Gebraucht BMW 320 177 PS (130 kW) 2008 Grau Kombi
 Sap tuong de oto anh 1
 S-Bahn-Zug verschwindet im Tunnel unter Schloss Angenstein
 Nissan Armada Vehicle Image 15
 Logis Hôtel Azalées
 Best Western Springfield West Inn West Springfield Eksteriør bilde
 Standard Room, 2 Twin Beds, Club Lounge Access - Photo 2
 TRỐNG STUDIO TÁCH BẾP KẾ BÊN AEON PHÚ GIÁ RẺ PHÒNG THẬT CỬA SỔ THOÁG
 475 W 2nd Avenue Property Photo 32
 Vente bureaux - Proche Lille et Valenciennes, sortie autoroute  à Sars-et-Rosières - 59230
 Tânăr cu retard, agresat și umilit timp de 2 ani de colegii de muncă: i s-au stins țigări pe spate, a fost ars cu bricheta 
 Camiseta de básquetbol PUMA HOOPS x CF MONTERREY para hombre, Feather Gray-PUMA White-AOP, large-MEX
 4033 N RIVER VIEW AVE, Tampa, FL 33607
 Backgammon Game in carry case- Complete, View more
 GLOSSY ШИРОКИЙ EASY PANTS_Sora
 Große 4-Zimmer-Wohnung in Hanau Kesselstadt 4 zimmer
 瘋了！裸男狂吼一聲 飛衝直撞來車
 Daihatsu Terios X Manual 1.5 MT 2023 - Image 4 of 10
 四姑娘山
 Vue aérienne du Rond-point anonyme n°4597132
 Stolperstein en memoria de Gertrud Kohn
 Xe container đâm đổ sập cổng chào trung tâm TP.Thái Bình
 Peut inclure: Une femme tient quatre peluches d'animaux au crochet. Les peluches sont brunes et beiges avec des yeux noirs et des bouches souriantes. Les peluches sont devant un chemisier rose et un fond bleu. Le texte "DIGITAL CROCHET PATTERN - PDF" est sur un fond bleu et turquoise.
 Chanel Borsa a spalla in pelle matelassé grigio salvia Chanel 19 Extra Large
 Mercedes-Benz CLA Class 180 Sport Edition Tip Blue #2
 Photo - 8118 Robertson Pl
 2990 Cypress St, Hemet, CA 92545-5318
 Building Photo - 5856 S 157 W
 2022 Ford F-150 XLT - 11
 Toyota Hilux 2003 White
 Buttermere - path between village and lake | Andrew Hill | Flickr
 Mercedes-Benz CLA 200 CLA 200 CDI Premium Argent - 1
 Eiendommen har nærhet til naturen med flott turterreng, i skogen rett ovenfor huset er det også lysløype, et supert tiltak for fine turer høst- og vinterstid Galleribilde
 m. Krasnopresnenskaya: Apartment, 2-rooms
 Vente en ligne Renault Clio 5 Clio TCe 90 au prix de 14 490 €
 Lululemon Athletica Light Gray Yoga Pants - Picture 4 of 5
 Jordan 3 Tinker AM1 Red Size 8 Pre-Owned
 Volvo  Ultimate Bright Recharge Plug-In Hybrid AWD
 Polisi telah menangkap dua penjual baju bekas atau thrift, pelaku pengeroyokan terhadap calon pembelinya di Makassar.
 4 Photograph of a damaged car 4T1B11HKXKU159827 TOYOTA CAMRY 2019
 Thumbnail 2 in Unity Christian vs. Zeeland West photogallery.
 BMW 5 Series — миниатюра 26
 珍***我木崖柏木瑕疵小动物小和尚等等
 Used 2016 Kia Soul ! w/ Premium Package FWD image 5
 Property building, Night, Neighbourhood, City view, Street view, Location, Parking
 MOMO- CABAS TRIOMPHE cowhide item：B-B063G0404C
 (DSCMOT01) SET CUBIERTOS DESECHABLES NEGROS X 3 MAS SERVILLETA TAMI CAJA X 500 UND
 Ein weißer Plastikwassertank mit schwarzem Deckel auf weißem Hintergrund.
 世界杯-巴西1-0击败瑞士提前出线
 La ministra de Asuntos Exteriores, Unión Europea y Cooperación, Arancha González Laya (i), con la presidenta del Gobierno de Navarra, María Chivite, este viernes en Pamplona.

§ §

ACTIVITY
Your output should be an exact copy of every line from the one containing "Lululemon Athletica Light" through the end of the records.

TASK ANSWER
 Lululemon Athletica Light Gray Yoga Pants - Picture 4 of 5
 Jordan 3 Tinker AM1 Red Size 8 Pre-Owned
 Volvo  Ultimate Bright Recharge Plug-In Hybrid AWD
 Polisi telah menangkap dua penjual baju bekas atau thrift, pelaku pengeroyokan terhadap calon pembelinya di Makassar.
 4 Photograph of a damaged car 4T1B11HKXKU159827 TOYOTA CAMRY 2019
 Thumbnail 2 in Unity Christian vs. Zeeland West photogallery.
 BMW 5 Series — миниатюра 26
 珍***我木崖柏木瑕疵小动物小和尚等等
 Used 2016 Kia Soul ! w/ Premium Package FWD image 5
 Property building, Night, Neighbourhood, City view, Street view, Location, Parking
 MOMO- CABAS TRIOMPHE cowhide item：B-B063G0404C
 (DSCMOT01) SET CUBIERTOS DESECHABLES NEGROS X 3 MAS SERVILLETA TAMI CAJA X 500 UND
 Ein weißer Plastikwassertank mit schwarzem Deckel auf weißem Hintergrund.
 世界杯-巴西1-0击败瑞士提前出线
 La ministra de Asuntos Exteriores, Unión Europea y Cooperación, Arancha González Laya (i), con la presidenta del Gobierno de Navarra, María Chivite, este viernes en Pamplona.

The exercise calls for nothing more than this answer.